El presidente de Adif, Luis Pedro Marco de la Peña, se reunió ayer martes durante más de tres horas con representantes de la principal asociación de afectados por el accidente ferroviario de Adamuz (Córdoba), en un encuentro celebrado a puerta cerrada en Madrid que se produce meses después del siniestro.
En la cita participaron el propio responsable de la empresa pública y un miembro de su equipo, mientras que por parte de las víctimas acudió el presidente del colectivo, Mario Samper. El encuentro llega tras las críticas previas de la asociación, que había denunciado públicamente la falta de contacto institucional con los damnificados desde que ocurrió la tragedia.
Durante la reunión, Marco de la Peña descartó abandonar su cargo y defendió la seguridad del sistema ferroviario español, aunque reconoció una carencia relevante: la ausencia de tecnología capaz de detectar fracturas en los raíles. Precisamente, una posible rotura de la vía —que podría estar relacionada con un fallo en una soldadura— figura entre las principales líneas de investigación abiertas por la Guardia Civil, aunque no es la única hipótesis que se maneja.
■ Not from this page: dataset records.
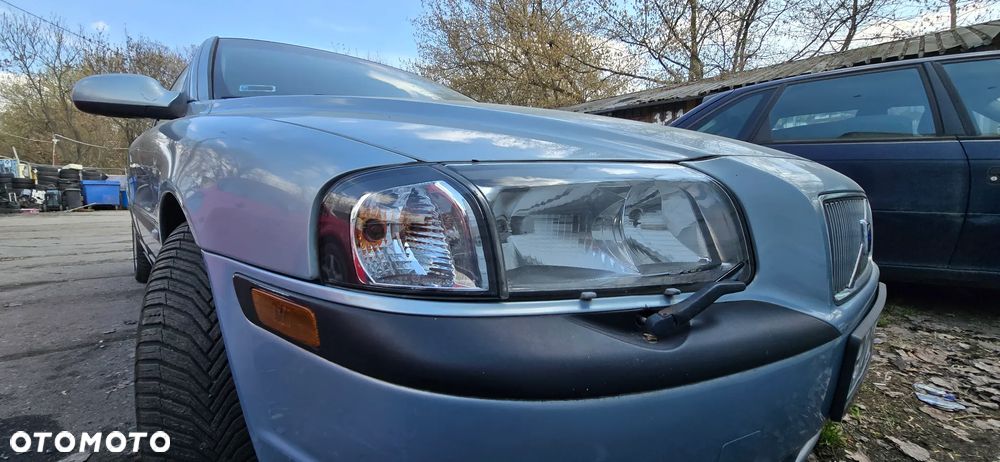 Volvo S80 2.8 T-6 - 4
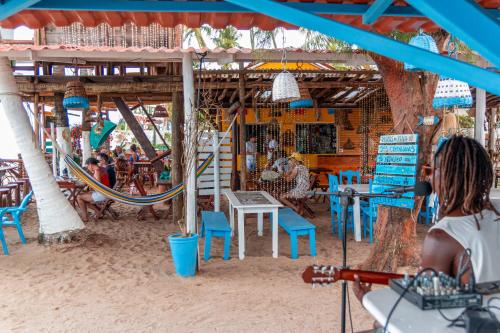Gallery image of Pousada La Bella Luna in Porto De Galinhas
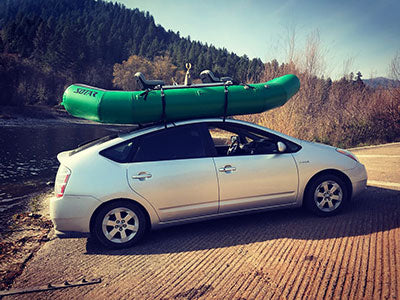 SOTAR Micro Strike 11' Raft - Frame Not Included-Micro Strike-SOTAR-Teal-11'-SOTAR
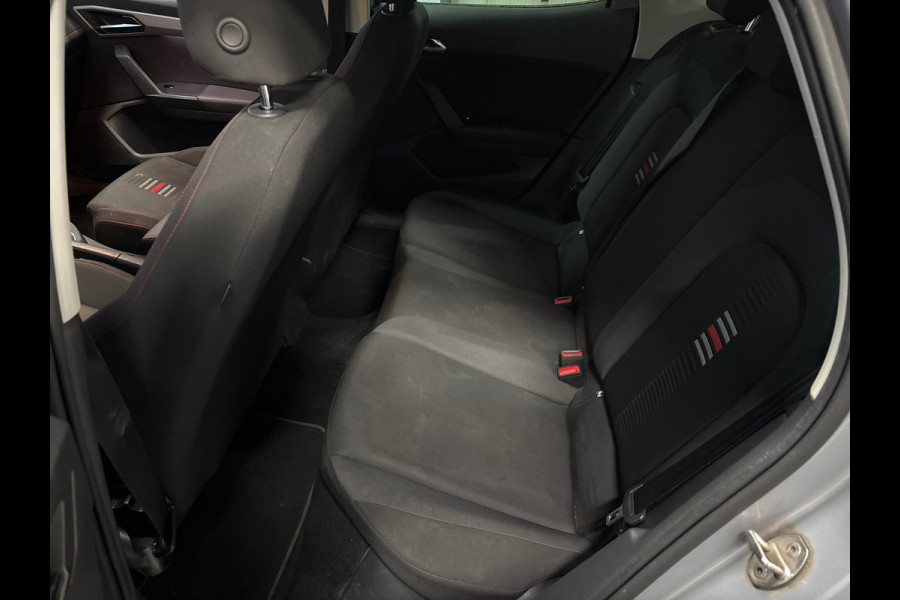 Seat Ibiza 1.0 TSI FR Business Intense CarPlay, Stoelverwarming, ECC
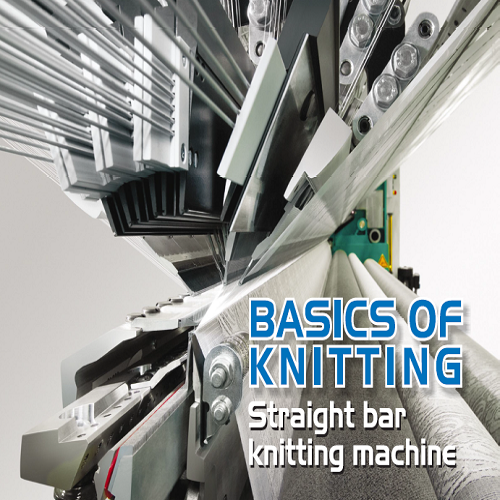 10StraightBarKnittingMachine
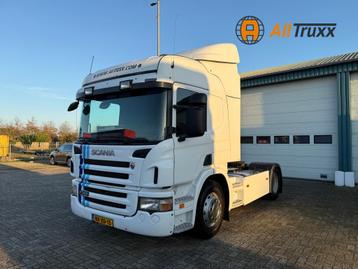 ScaniaP360 Euro 5 NL truck beschikbaar voor biedingen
El accidente tuvo lugar el 18 de enero, poco antes de las ocho de la tarde, cuando un tren de la compañía privada Iryo descarriló en las proximidades de Adamuz. Minutos después, un convoy Alvia de Renfe colisionó con él, provocando una de las mayores tragedias ferroviarias recientes, con 46 víctimas mortales.
Las víctimas, asesoradas por el despacho Administrativando Abogados —especializado en derecho administrativo—, recordaron durante la reunión otros precedentes graves, como el descarrilamiento ocurrido en 2013 en Angrois (Santiago de Compostela). Este mismo bufete ya representó a los afectados de aquel siniestro y actualmente impulsa acciones legales ante el Tribunal Europeo de Derechos Humanos.
En paralelo, la investigación judicial sigue su curso. La causa está en manos de la jueza Cristina Pastor, titular del Juzgado de Primera Instancia e Instrucción número 2 de Montoro, que trata de esclarecer las circunstancias exactas que desembocaron en el choque entre ambos trenes.
Desde Adif, una vez finalizado el encuentro, evitaron hacer valoraciones de fondo y se limitaron a calificar la reunión como «cordial». Entretanto, las víctimas continúan reclamando explicaciones y responsabilidades en torno a un accidente cuyas causas aún no han sido plenamente determinadas.